Much or most of the observed decline in stability support by generator controls is attributed to operational practices rather than technical problems. It can be profitable to operate a plant very close to full capacity, with no controllable reserve to deal with system emergencies. Even when such reserves are retained it can still be profitable, or at least convenient, to obtain "smooth running" by changing or suspending some of the automatic controls. In past years the WSCC dealt with this through unannounced on-site inspections []. Engineering review of 1996 breakups argue that this was not sufficient. There must be some direct means by which the grid operator can verify that essential controller resources are actually available (and performing properly). Prior to this, it is essential that the providing of such resources be acceptable and attractive to the generation owners. Unobtrusive technology and proper financial compensation are major elements in this.

The emerging challenge is to make controller services as reliable as any other commercial product []. If this cannot be done then new loads must be served through new construction, or with less reliability.

Maintenance Problems, RCM, and Intelligent Diagnosticians

Many of the outages suggest weaknesses in some aspect of system maintenance. Inadequate vegetation control along major transmission lines is an conspicuous example, made notorious by the 1996 breakups. There have also been occasional reports of things like corroded relays, and there are persistent indications that testing of relays in the field is neither as frequent nor as thorough as it should be. Apparently the relays that prematurely tripped McNary generation on August 10, 1996, had been scheduled for maintenance or replacement for some 18 months.

The utilities have expressed significant interest in new tools such as reliability centered maintenance (RCM) and its various relatives. A risk in this is that "maintenance just in time" can easily become "maintenance just too late." Some power engineers have expressed the view that preventive maintenance of any kind is becoming rare in some regions, and that the situation will not improve very much until utility restructuring is more nearly compete. There is not much incentive to perform expensive maintenance on an asset that may soon belong to someone else. Other engineers contest this assertion, or claim that such situations are not typical. The clear fact is that maintenance is a difficult but critical issue in corporate strategy.

The need for automated "diagnosticians" at the device level has been recognized for some years, and useful progress has been reported with the various technologies that are involved. These range from sensing of insulation defects in transformers through to generator condition monitors and self-checking logic in the "intelligent electronic devices" that are becoming ubiquitous at substation level. In the direct RCM framework we find browsers that examine operating and service records for indications that maintenance should be scheduled for some particular device or facility. Tracking such technologies is becoming difficult. The technologies themselves tend to be proprietary, and the associated investment decisions are business sensitive.

The need for automatic diagnosticians at system level is recognized, though not usually in these terms. Conceptualization of and progress toward such a product has been rather compartmentalized, with different institutions specializing in different areas. Real-time security assessment is perhaps the primary component for a diagnostician at this level. EPRI development of model based tools for this has shown considerable technical success (summarized in []), and the DOE/EPRI WAMS effort points the way toward complementary tools that are based upon real time measurements [-,,]. The latter effort has also shown the value of intelligent browser that would expedite full restoration of system services after a major system emergency. It seems likely that these various efforts will be drawn together under a Federal program in Critical Infrastructure Protection (CIP).

"Operator Error"

This is a term that should be reserved for cases in which field personnel (who might not actually be system operators) do not act in accordance with established procedures. Such cases do indeed occur, with distressing frequency, and the effects can be very serious. The appropriate direct remedies for this are improved training, augmented by improved procedures with built-in cross checks that advise field personnel of errors before action is taken. Automatic tools for this can be useful, but — as shown by the balky reclosure system in the 1998 MAPP breakup — no robot should be given too much authority.

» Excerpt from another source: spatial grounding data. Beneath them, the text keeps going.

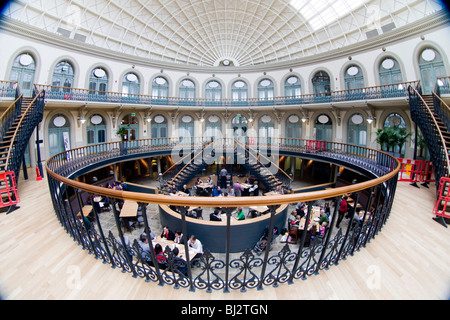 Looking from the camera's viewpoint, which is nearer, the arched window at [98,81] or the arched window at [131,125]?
the arched window at [98,81]

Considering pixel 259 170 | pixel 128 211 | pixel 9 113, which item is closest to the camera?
pixel 9 113

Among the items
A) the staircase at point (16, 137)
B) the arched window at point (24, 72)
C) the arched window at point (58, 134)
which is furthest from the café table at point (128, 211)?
the arched window at point (24, 72)

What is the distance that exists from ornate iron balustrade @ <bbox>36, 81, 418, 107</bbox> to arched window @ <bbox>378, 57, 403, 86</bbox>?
466mm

Deeper problems are at work when system operators take some inappropriate action as a result of poor information or erroneous instructions. (This may be an operational error for the utility, but it is not an operator’s error.) Sections 5.3 through 5.5 discuss aspects of this and point toward some useful technologies.

This technology set falls well short of a full solution. It will be a very long time before any set of simple recipes will anticipate all of the conditions that can arise in a large power system, especially if the underlying models are faulty. Proper operation is a responsibility shared between operations staff (who are not usually engineers) and technical staff (who usually are). Key operation centers should draw upon "collaborative technologies" to assure that technical staff support is available and efficiently used when needed, even though the supporting presonnel may be at various remote locations and normally working at other duties. Such resources would be of special importance to primary grid operators such as an ISO.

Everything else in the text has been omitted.